ARTICLE
AI Coding Agent Accuracy: Opus 4.7 vs 4.8
Discover the efficiency gains of AI coding agents Opus 4.7 vs 4.8. Learn how 4.8 improves cost and performance in real tasks. Upgrade smartly!

Rob Willoughby

You are deciding whether to roll your default agent model from Opus 4.7 to 4.8. The release notes promise improvements. The leaderboard shows a fraction of a point. So you shrug, schedule the upgrade for some quiet Friday, and move on.
That shrug is the mistake. We ran both versions through the same skills evaluation, 1000 scenarios solved twice each, and on the headline metric they finished in a dead heat. But underneath that tie, 4.8 reached the same answers in four fewer turns and for measurably less money. The version that looks like a non-event on the scoreboard is a real efficiency upgrade in the only place that bills you: the agent loop.
AI agent evaluation is the practice of measuring an agent's behavior on real tasks, not just its final accuracy. It tracks cost, turns, and reliability across paired runs.

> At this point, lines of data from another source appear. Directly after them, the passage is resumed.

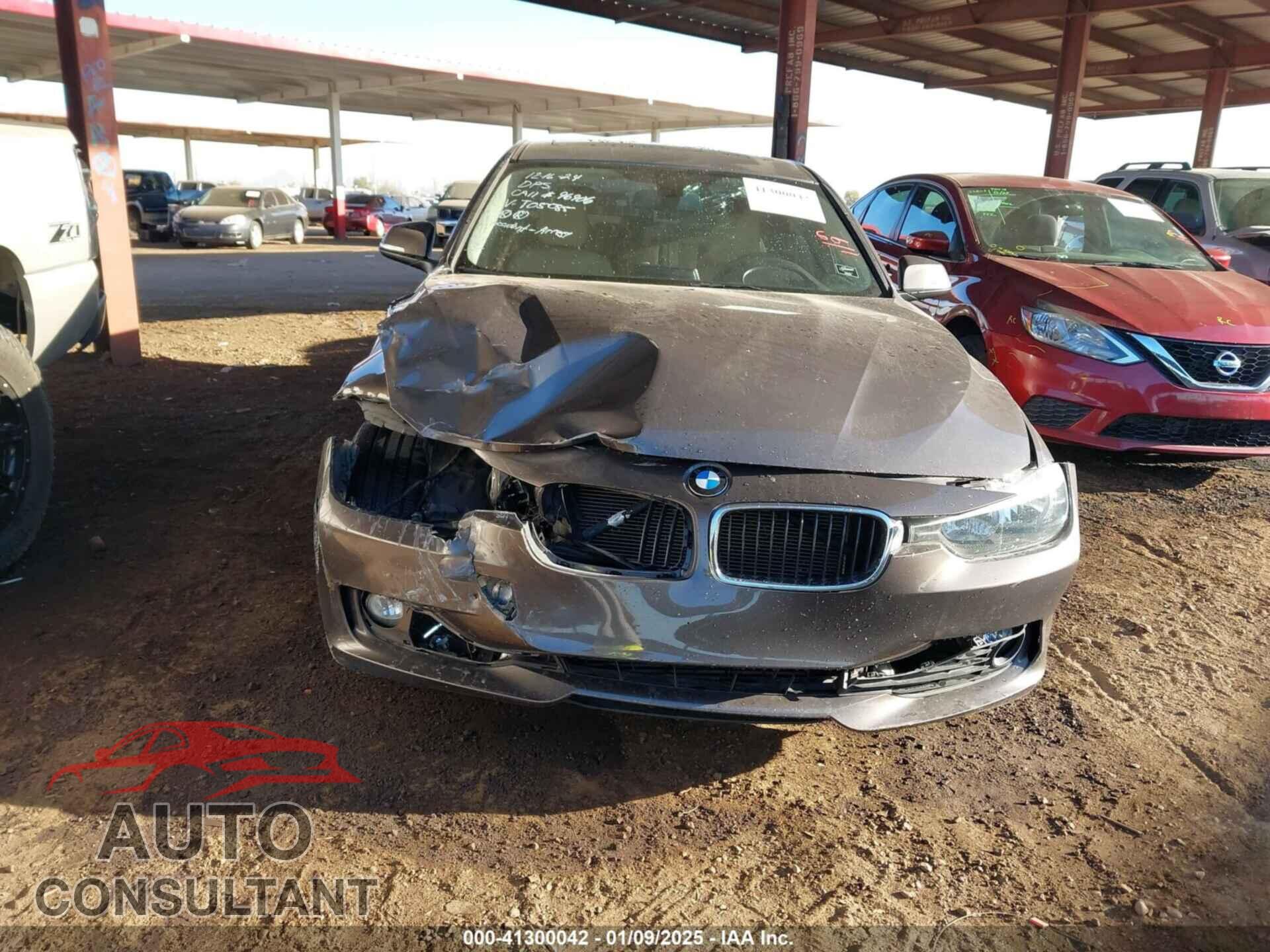BMW 320I 2015 - WBA3B1G52FNT05085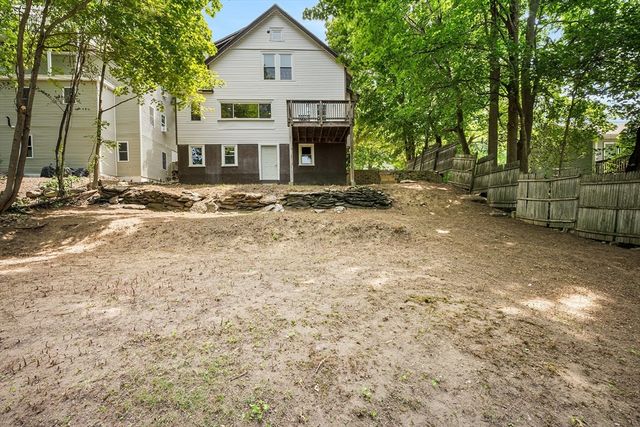 10 Nutting St, Fitchburg, MA 01420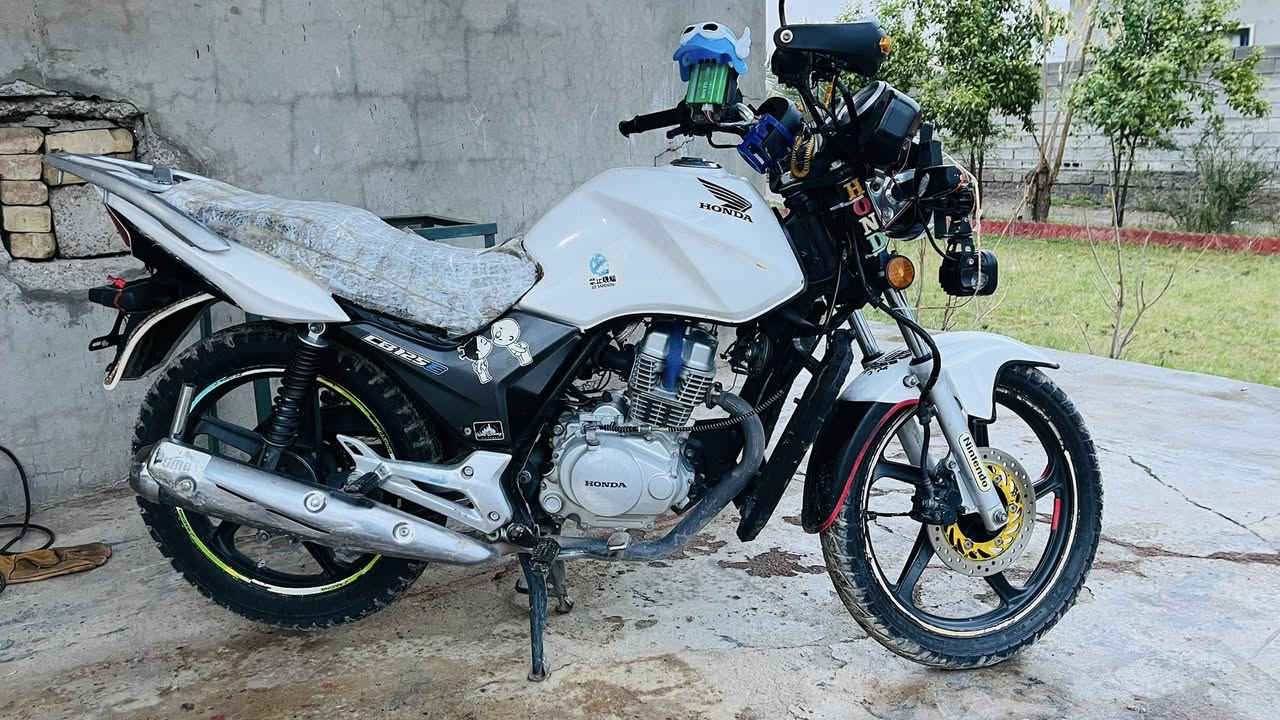 ماطور هوندا CB125
نظيف فول ما عايزو كلشي
السعر 750
المكان العلم سمره 
***********
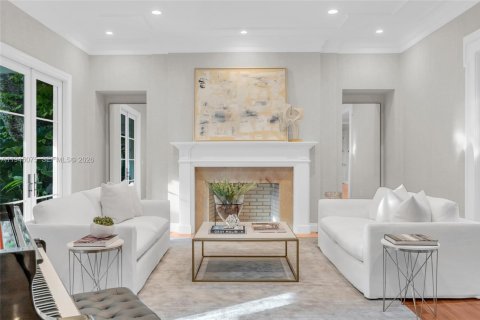 House in Miami, Florida 6 bedrooms, 569.96 sq.m. № 2004274 - photo 7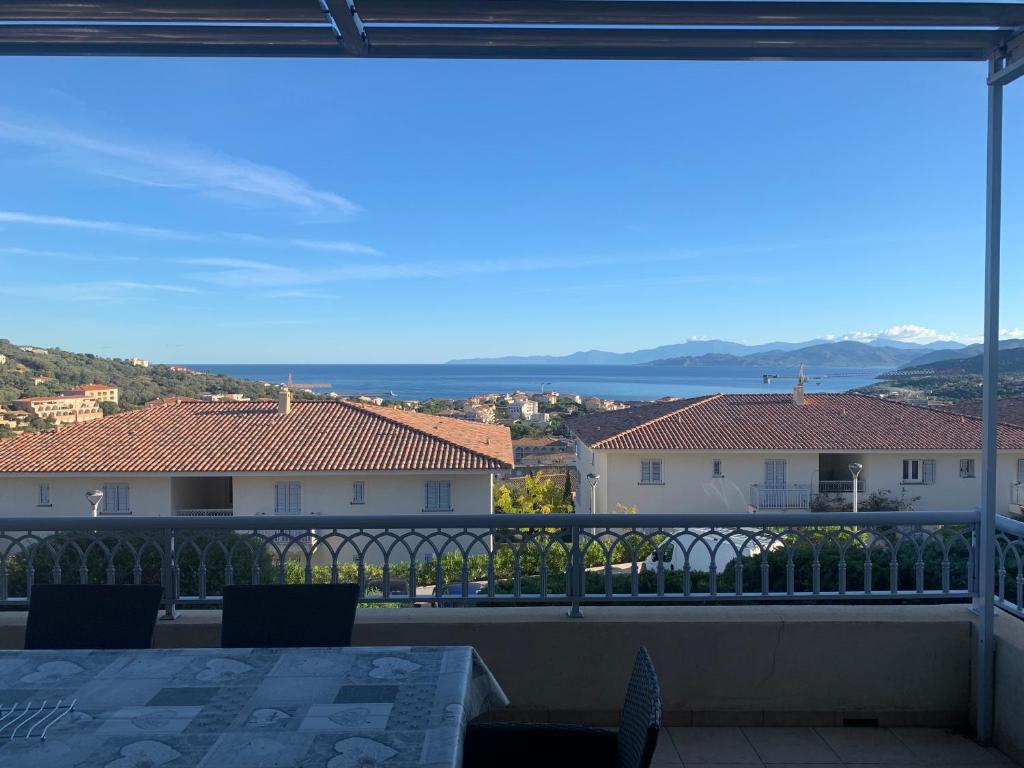 T2 clim 54m2, 17m2 de terrasse très belle vue mer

It matters because two models can post the same score while differing sharply in how much work they spend to get there.
Two versions, one eval harness
Both models ran the identical setup we use across this benchmark series. Every scenario is solved twice, once with no help and once with the relevant skill installed, so we can isolate what the skill contributes from what the base model already knows. We score three things: instruction following (did it do what was asked, the way it was asked), task completion (did it reach the goal), and an overall blend weighted toward instruction following. We also flag integrity issues,
like an agent peeking at the grading rubric instead of solving the task.
Two facts make this a clean comparison. First, we restrict every delta below to the 824 scenarios that both versions ran, so 4.7 and 4.8 are graded on identical work. Second, we priced both versions at the same per-token rate. Every cost difference you see is behavior, not a pricing change. We verified that rate by back-solving it from the logged spend across thousands of calls, and it reconstructs to zero residual.
Opus 4.7 is the incumbent. In our runs it is a strong agent that leans heavily on skills to reach its ceiling, and it explores a lot of paths to get there.
Opus 4.8 is the point release. It posts the same ceiling with a skill installed, but it starts from a higher floor without one, and it gets to the answer with noticeably less wandering.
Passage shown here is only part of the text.